Entries provided>

[Start of section]

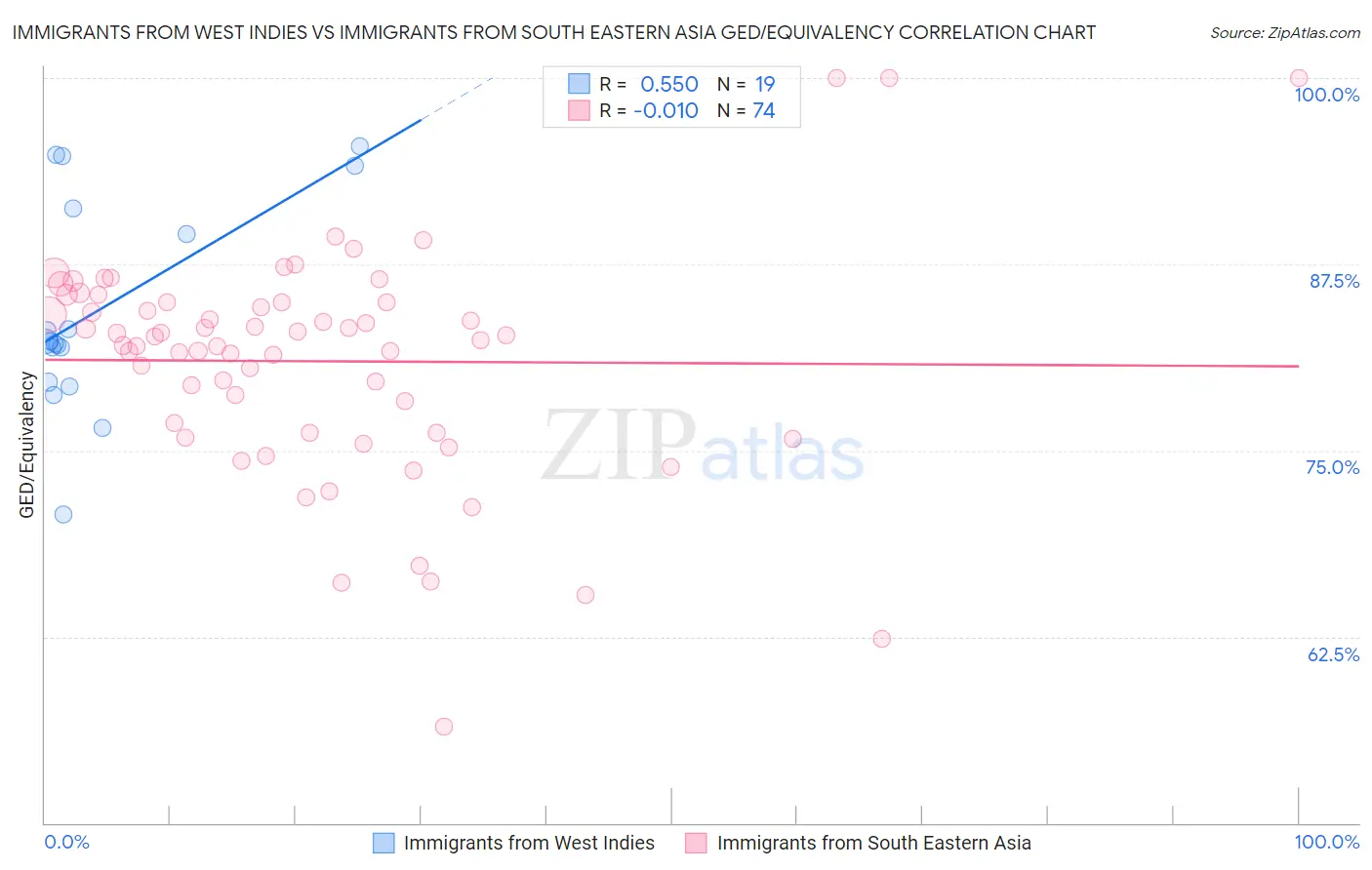 Immigrants from West Indies vs Immigrants from South Eastern Asia GED/Equivalency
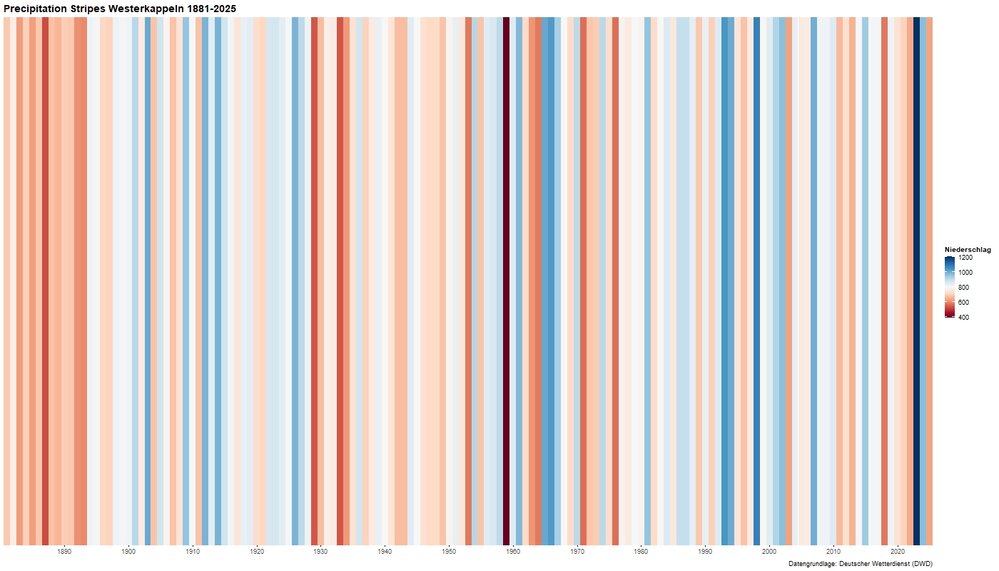 Precipitation_Stripes_Westerkappeln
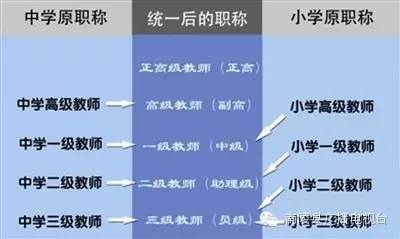 新中小学职称制度设计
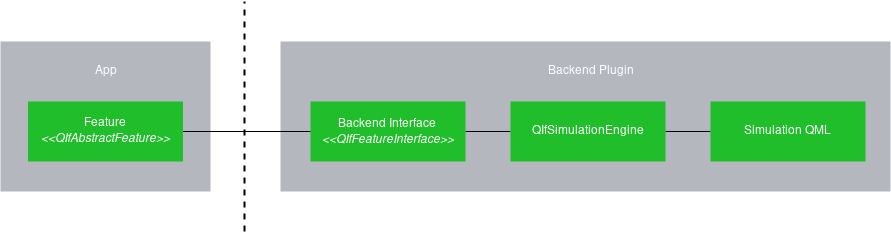 "QtInterfaceFramework Simulation System"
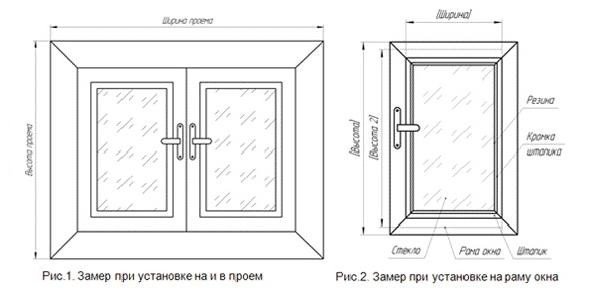 Жалюзі на пластикові вікна: встановлюємо своїми руками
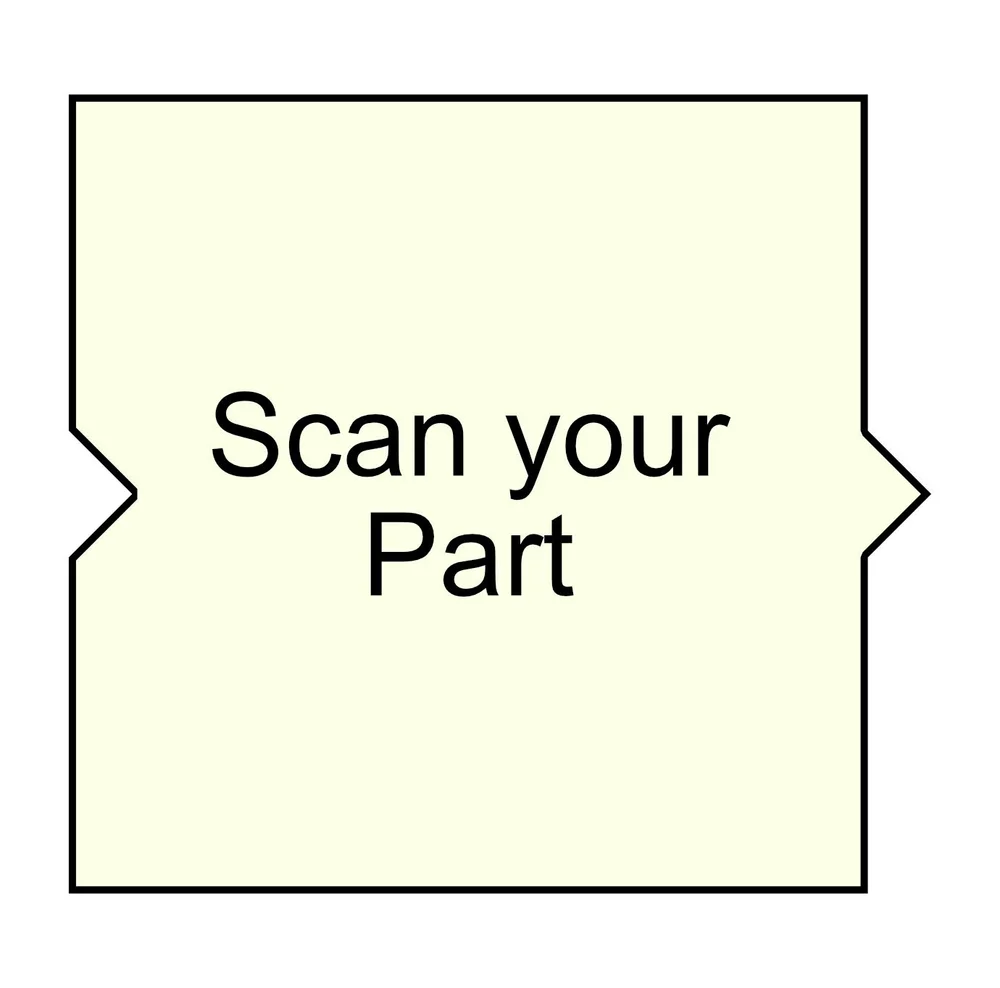 Scan-to-Pattern — 3D to 2D Digital Pattern Making Software, tools, and ...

[End of section]

Work instruction>
Repeat the listing above from its first line through the line that contains "Жалюзі на пластикові", both included, and nothing more. Drop the pictures.

Task solution>
 Immigrants from West Indies vs Immigrants from South Eastern Asia GED/Equivalency
 Precipitation_Stripes_Westerkappeln
 新中小学职称制度设计
 "QtInterfaceFramework Simulation System"
 Жалюзі на пластикові вікна: встановлюємо своїми руками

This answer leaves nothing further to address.